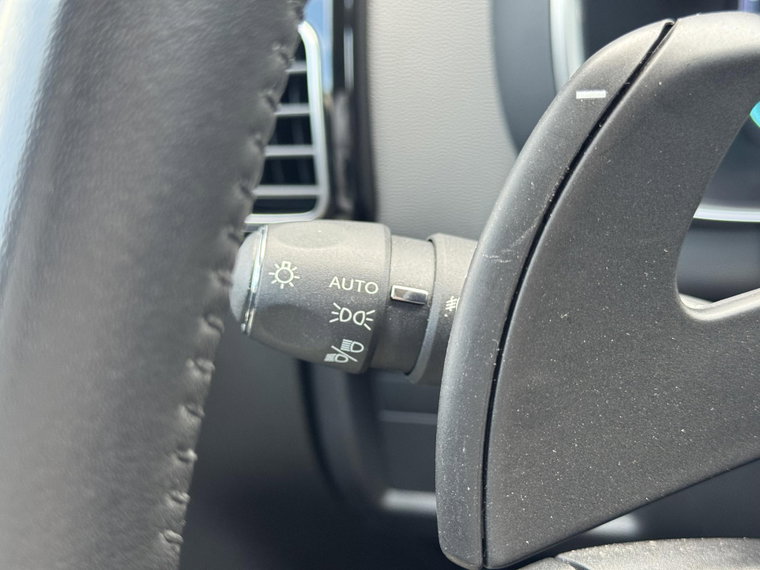 Vehicle Image 40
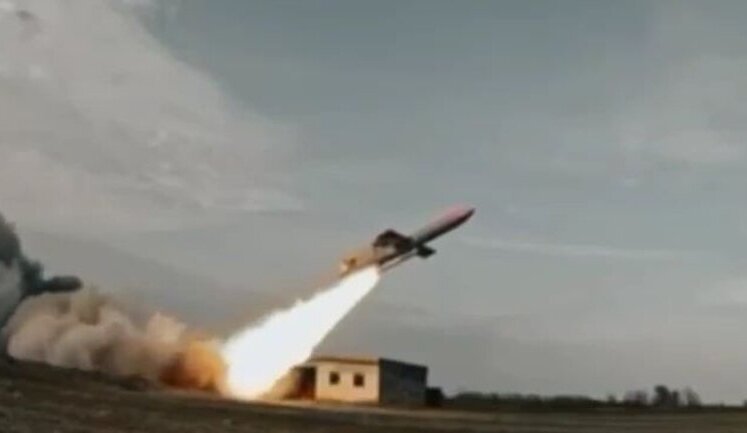 Politico показало нові кадри пуску та польоту української крилатої ракети FP-5 "Фламінго". ВIДЕО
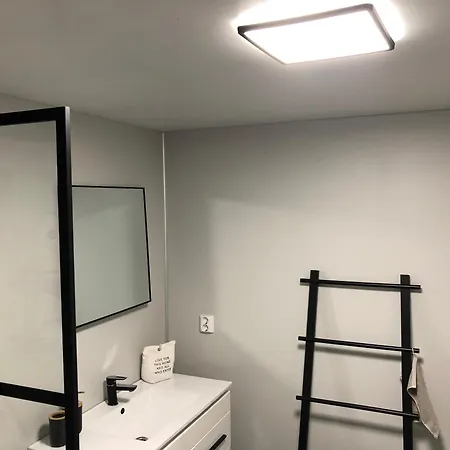 Sea View Modern منزل للإقامة *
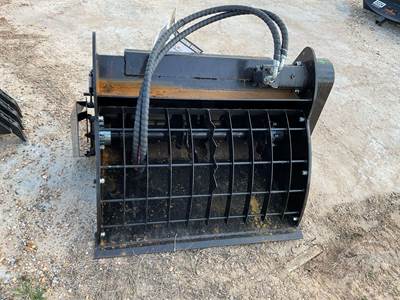 GIYI JBD Skid Steer Attachment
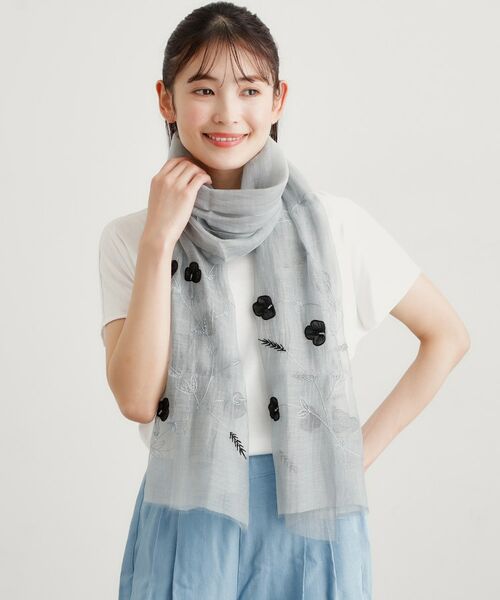 LAURA ASHLEY / ローラ アシュレイ マフラー・ショール・スヌード・ストール | 【シルク混／刺繍入り】シアーストール | 詳細3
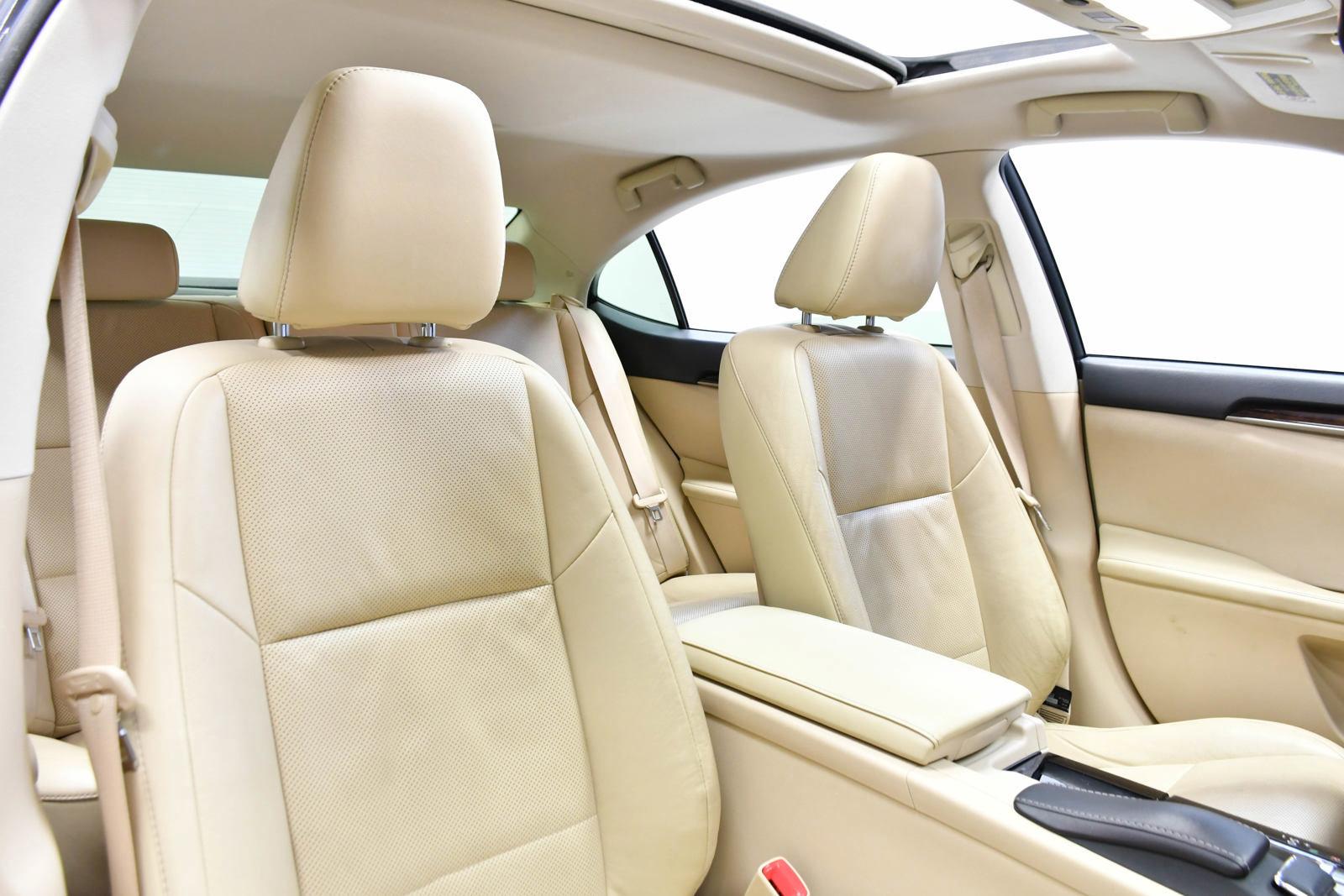 2013 Lexus ES 350 Vehicle Photo in DALLAS, TX 75235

________

- _Work to be completed_:
Return exactly the lines from the one containing "Politico показало нові" through the end of the records, leaving out every picture.

- _Response to this task_:
 Politico показало нові кадри пуску та польоту української крилатої ракети FP-5 "Фламінго". ВIДЕО
 Sea View Modern منزل للإقامة *
 GIYI JBD Skid Steer Attachment
 LAURA ASHLEY / ローラ アシュレイ マフラー・ショール・スヌード・ストール | 【シルク混／刺繍入り】シアーストール | 詳細3
 2013 Lexus ES 350 Vehicle Photo in DALLAS, TX 75235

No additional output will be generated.